**TASK DESCRIPTION**
Transcribe all of the data exactly. Images stay out.

**SOURCE DATA**
:::::
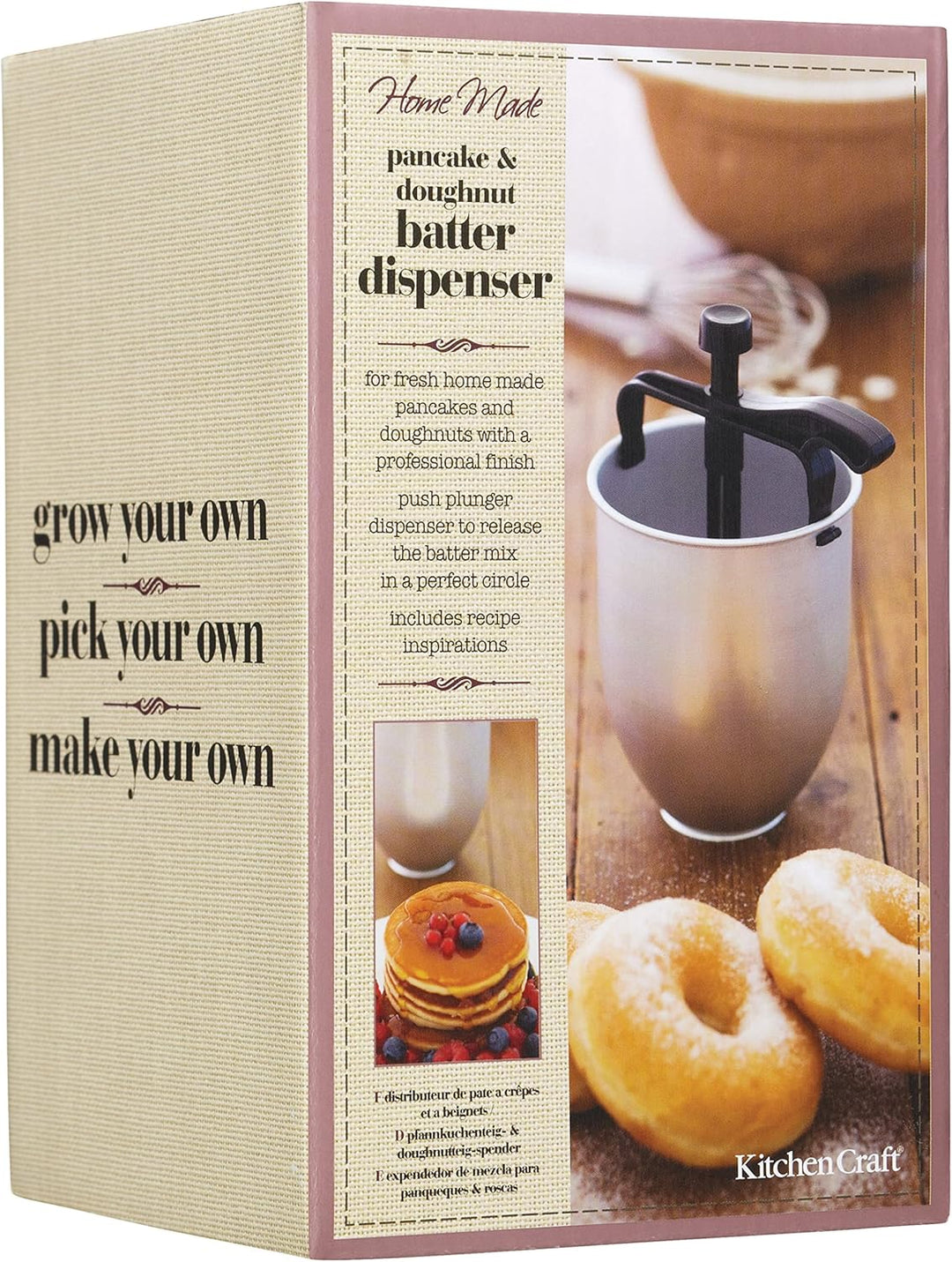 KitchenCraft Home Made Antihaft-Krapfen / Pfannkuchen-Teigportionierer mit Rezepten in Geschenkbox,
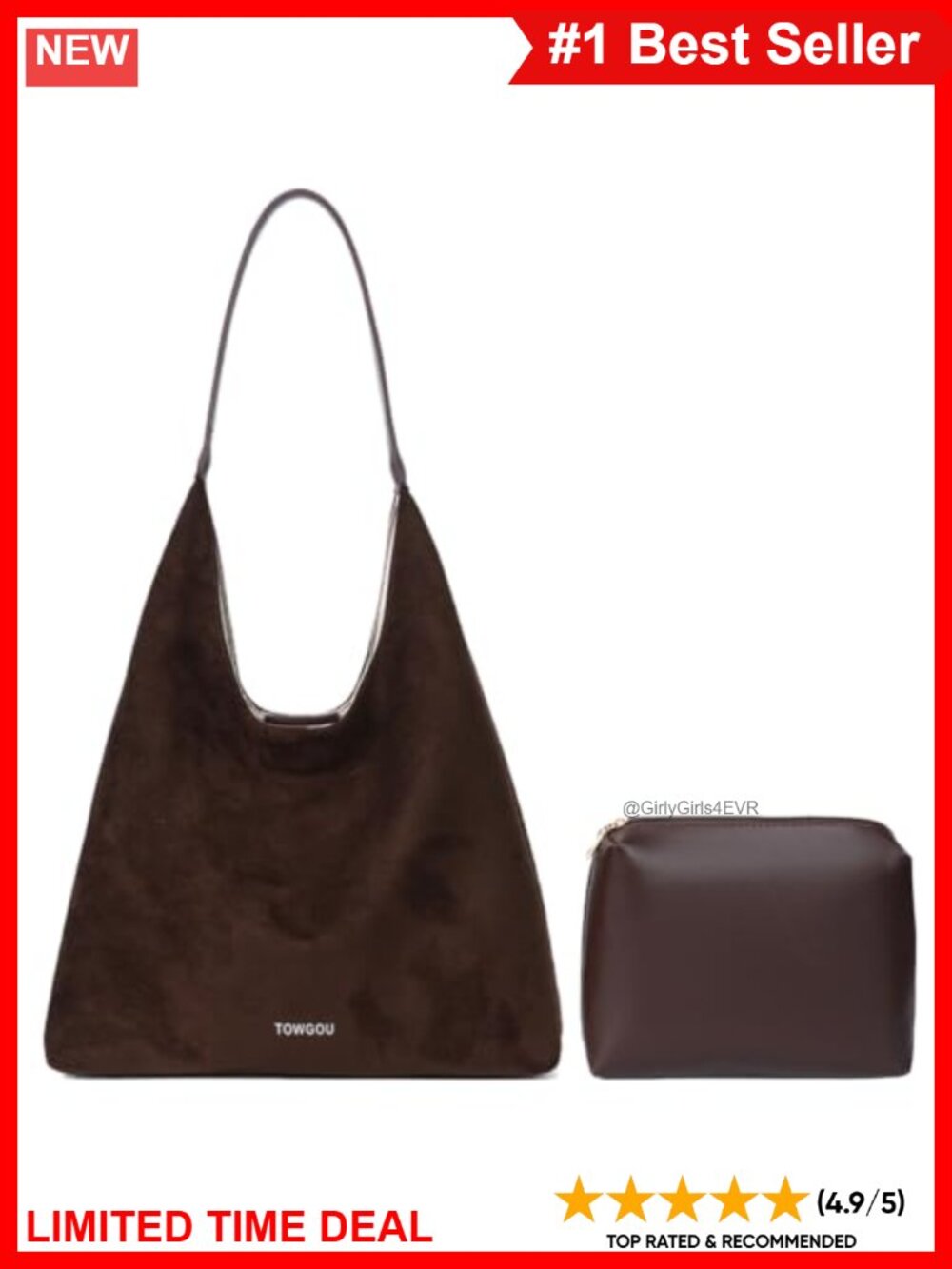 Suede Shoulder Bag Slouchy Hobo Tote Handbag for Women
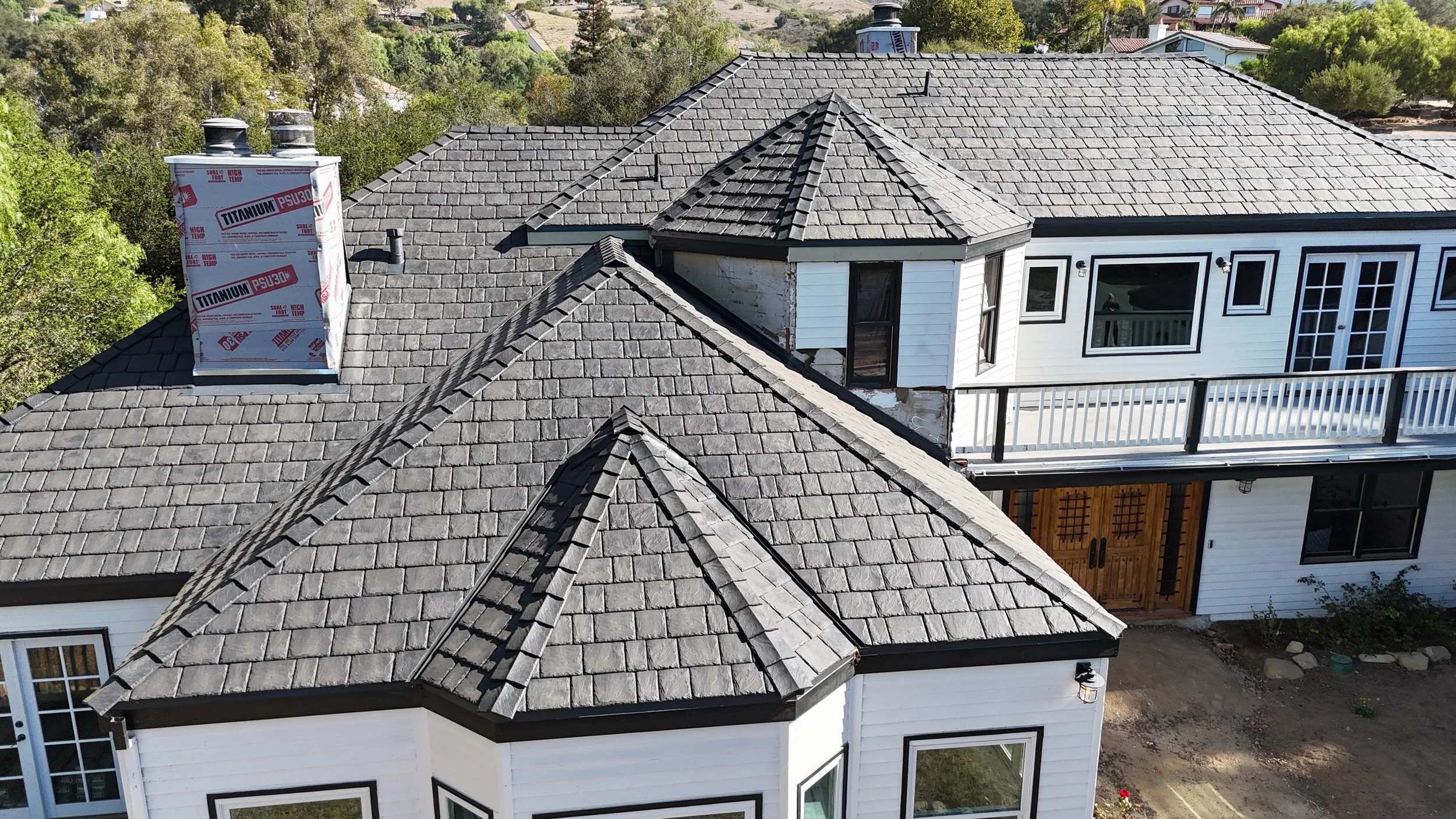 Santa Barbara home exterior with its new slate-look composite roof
:::::
**ANSWER TO THIS PROBLEM**
 KitchenCraft Home Made Antihaft-Krapfen / Pfannkuchen-Teigportionierer mit Rezepten in Geschenkbox,
 Suede Shoulder Bag Slouchy Hobo Tote Handbag for Women
 Santa Barbara home exterior with its new slate-look composite roof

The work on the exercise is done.